**Activity**
The required answer is an exact copy of the records below, without pictures.

**Dataset records**
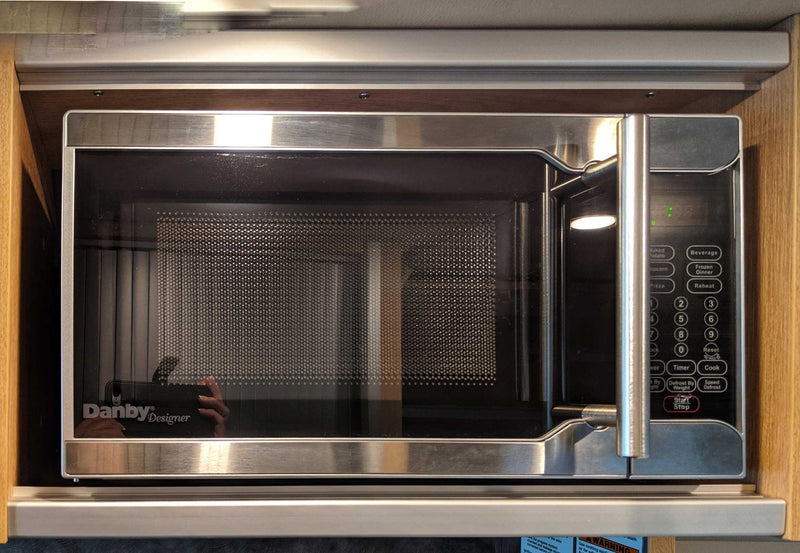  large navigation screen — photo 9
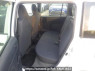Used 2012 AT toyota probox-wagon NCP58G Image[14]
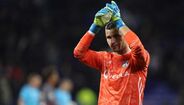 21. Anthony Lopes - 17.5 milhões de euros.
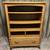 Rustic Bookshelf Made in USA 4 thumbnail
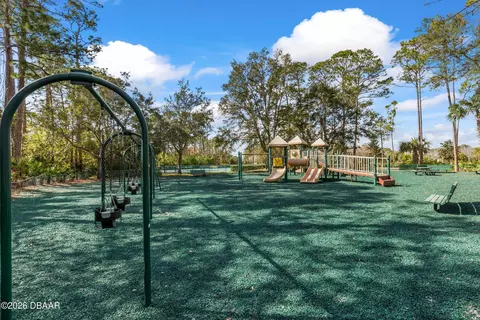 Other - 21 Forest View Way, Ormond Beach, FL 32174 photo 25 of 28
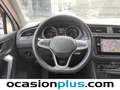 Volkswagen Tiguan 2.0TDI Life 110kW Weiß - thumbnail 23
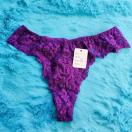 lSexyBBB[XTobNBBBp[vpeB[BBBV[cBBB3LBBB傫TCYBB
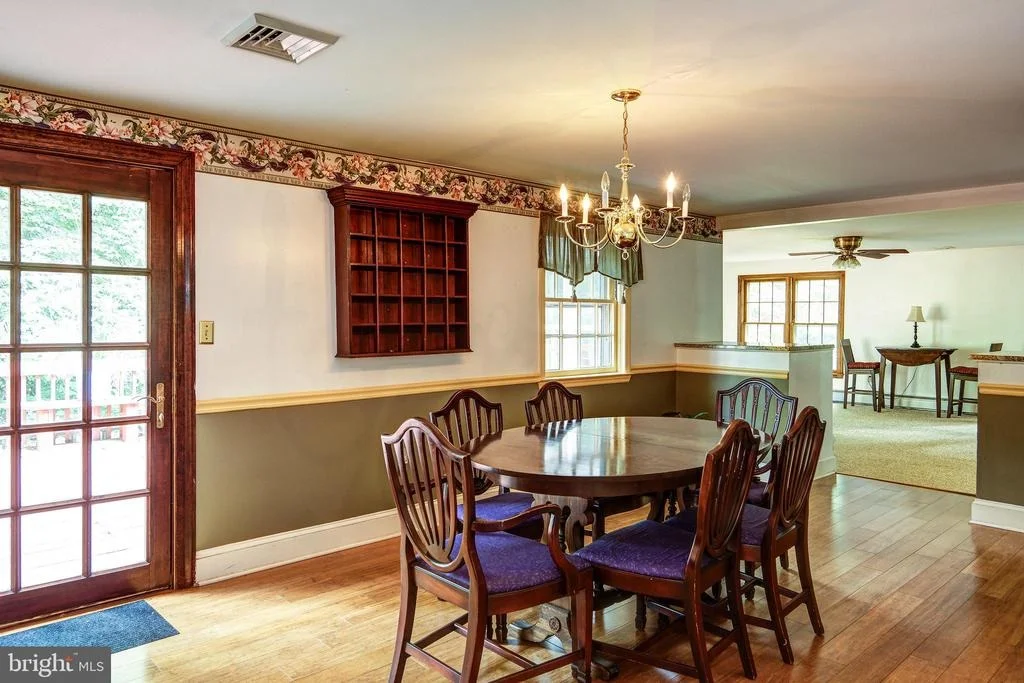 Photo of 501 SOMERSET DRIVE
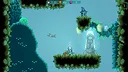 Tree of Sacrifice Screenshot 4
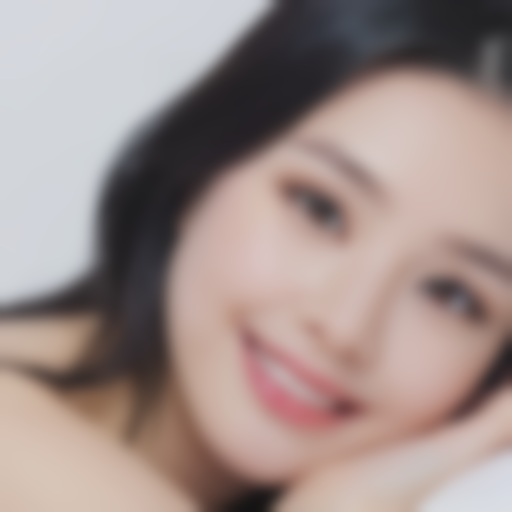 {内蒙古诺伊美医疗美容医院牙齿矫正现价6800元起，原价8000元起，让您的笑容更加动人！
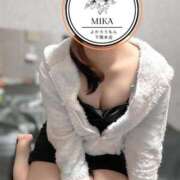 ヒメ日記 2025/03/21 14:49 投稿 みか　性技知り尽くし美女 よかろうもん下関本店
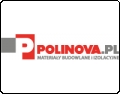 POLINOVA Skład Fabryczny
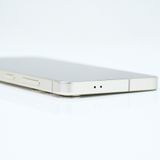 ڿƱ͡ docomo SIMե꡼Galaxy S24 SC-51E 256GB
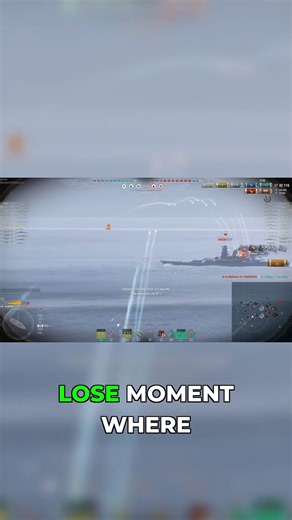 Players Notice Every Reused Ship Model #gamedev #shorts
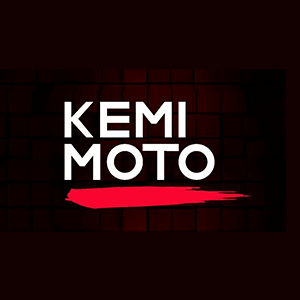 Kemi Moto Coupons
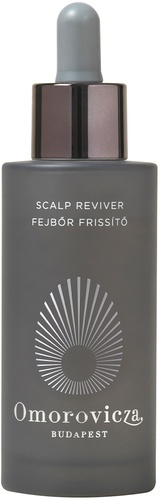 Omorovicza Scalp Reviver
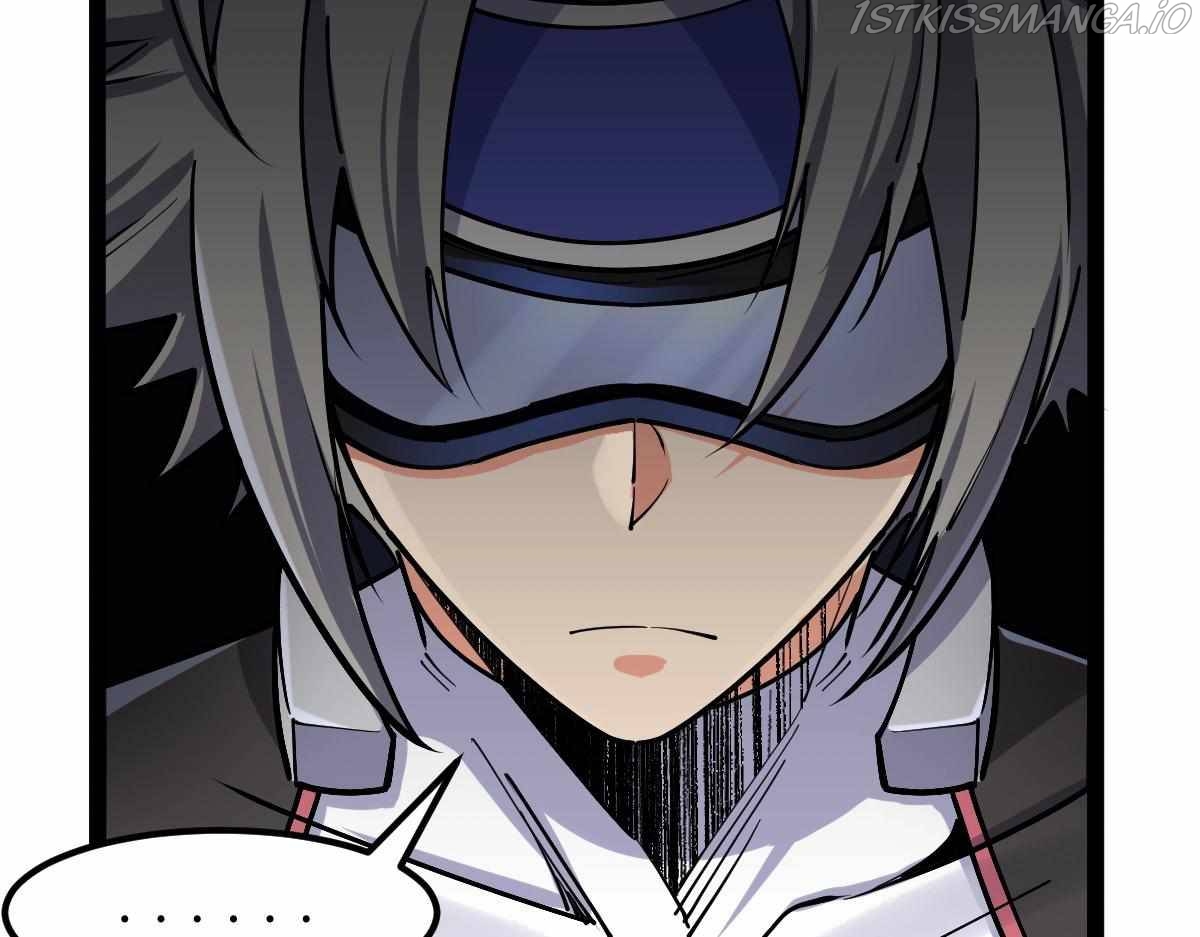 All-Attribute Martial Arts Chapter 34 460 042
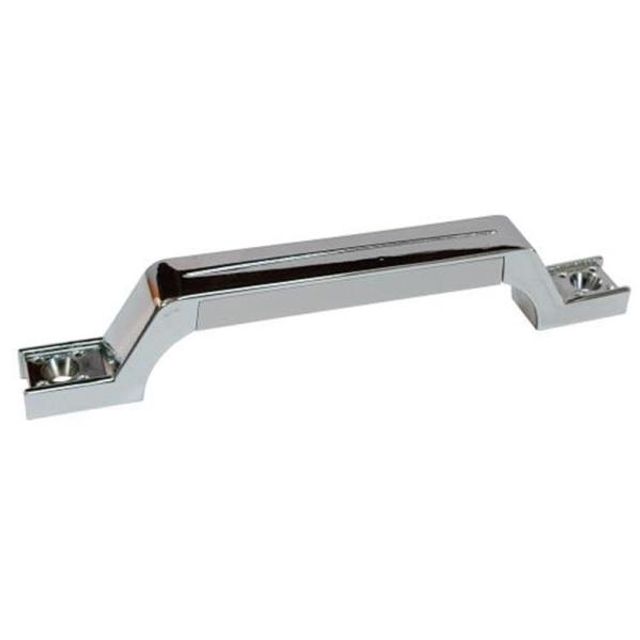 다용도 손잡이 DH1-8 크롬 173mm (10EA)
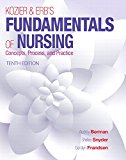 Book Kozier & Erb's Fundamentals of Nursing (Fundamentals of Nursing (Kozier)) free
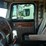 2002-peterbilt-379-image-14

**Completed exercise**
  large navigation screen — photo 9
Used 2012 AT toyota probox-wagon NCP58G Image[14]
 21. Anthony Lopes - 17.5 milhões de euros.
 Rustic Bookshelf Made in USA 4 thumbnail
 Other - 21 Forest View Way, Ormond Beach, FL 32174 photo 25 of 28
 Volkswagen Tiguan 2.0TDI Life 110kW Weiß - thumbnail 23
 lSexyBBB[XTobNBBBp[vpeB[BBBV[cBBB3LBBB傫TCYBB
 Photo of 501 SOMERSET DRIVE
 Tree of Sacrifice Screenshot 4
 {内蒙古诺伊美医疗美容医院牙齿矫正现价6800元起，原价8000元起，让您的笑容更加动人！
 ヒメ日記 2025/03/21 14:49 投稿 みか　性技知り尽くし美女 よかろうもん下関本店
 POLINOVA Skład Fabryczny
 ڿƱ͡ docomo SIMե꡼Galaxy S24 SC-51E 256GB
 Players Notice Every Reused Ship Model #gamedev #shorts
 Kemi Moto Coupons
 Omorovicza Scalp Reviver
 All-Attribute Martial Arts Chapter 34 460 042
 다용도 손잡이 DH1-8 크롬 173mm (10EA)
 Book Kozier & Erb's Fundamentals of Nursing (Fundamentals of Nursing (Kozier)) free
 2002-peterbilt-379-image-14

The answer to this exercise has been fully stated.